September 19, 2006
Securities and Exchange Commission
Comments regarding amendments to Regulation SHO
The following comments are offered with regards to your consideration of amendments regarding Regulation SHO.
Over the last few years, there has been an outspoken demand for tighter scrutiny and control of short-selling activity. The SECs actions in response, to tighten the circumstances leading to large, chronic and persistent fails-to-deliver, could serve to increase confidence in the markets, while closing loopholes that could temporarily distort certain markets.
These actions may have the beneficial effect of maintaining the public's confidence in the integrity of the system. However, at a certain point, there is a declining benefit to continuing to react to a vocal and organized campaign to blame all market shortcomings on the effects of short-selling, especially when these sweeping claims are marked by a persistent absence of data to support them.
While periodically unpopular in the public eye, legitimate short-selling provides critically important check-and-balance to market over-enthusiasm, and provides liquidity to dampen excessive volatility.
Among the options now presented for your further consideration, some would have a crippling effect on legitimate short-selling activity. You have an obligation to prove, with strong empirical data, the existence of problems before you adopt solutions fraught with further flaws. By incepting further changes absent such proof, the SEC risks exposing the market to serious abuses at the hands of the law of unintended consequences.

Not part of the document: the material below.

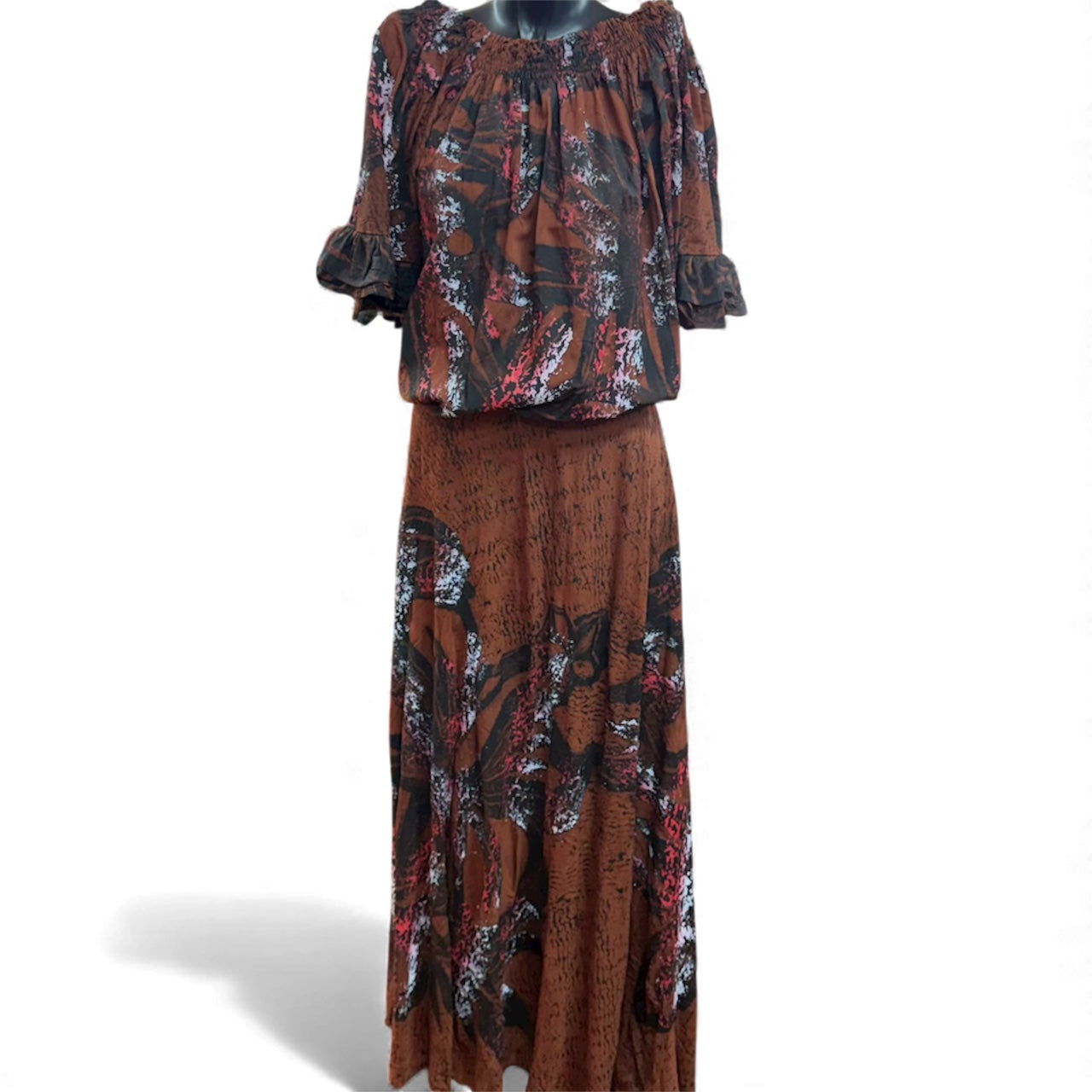 (Size 20) Hand-Painted Waist-band Dress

The access to markets for legitimate short-selling activity is already obstacle-ridden and grossly unfair. Access to stock available for borrow for legitimate short-selling purposes is already unfairly restricted in many ways. Inventory is balkanized, and borrow desks for major firms have every reason to exercise favoritism in allocation of available borrows, to the public's disadvantage.

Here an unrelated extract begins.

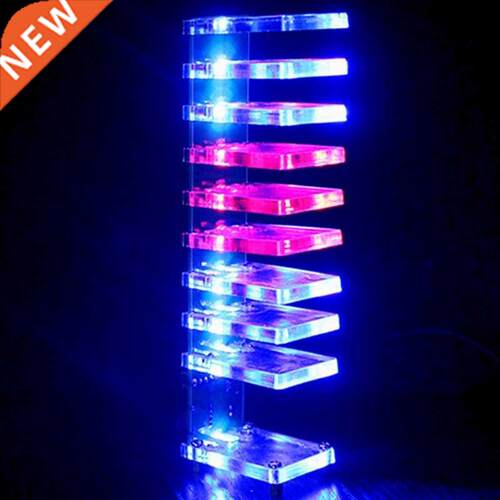Hot TTKK  VU Meter 10 Level Column Light LED Professiona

Replacing the affirmative determination locate requirement with an affirmative borrow is one such idea that will render timely short-selling virtually impossible – rendering it incapable of exerting a market balancing force.
Encumbering this already obstacle-strewn borrow system with further regulation will specifically serve to eliminate legitimate short-selling from the marketplace, paving the way for new waves of purposeful stock promotion and other market excesses designed to prey upon the public at the hands of unscrupulous manipulators.
Consider one such glaring unintended consequence already occurring. As currently implemented, Reg SHO's Threshold List provides strict protection for securities which are abjectly delinquent in filings. There are recent examples of securities which are blatant orchestrated pump and dump schemes promoted by offshore and anonymous entities. These issues have demonstrated brief, violent volatility swings, triggered by appearance on the Threshold List. Yet these same companies are so delinquent on filings, it is impossible to ascertain even the most rudimentary information, such as their actual outstanding share count.
There is no rationale for providing explicit regulatory protection to companies which are chronically and/or grossly delinquent with regard to public disclosure. No such intention was expressed in Regulation SHO, yet this is what it achieved.
The SEC needs to consider these issues on their merits, rather than reactively responding to an orchestrated public campaign.
I urge you not to create further unintended consequences by implementing rules lacking a clear rationale founded in empirical data.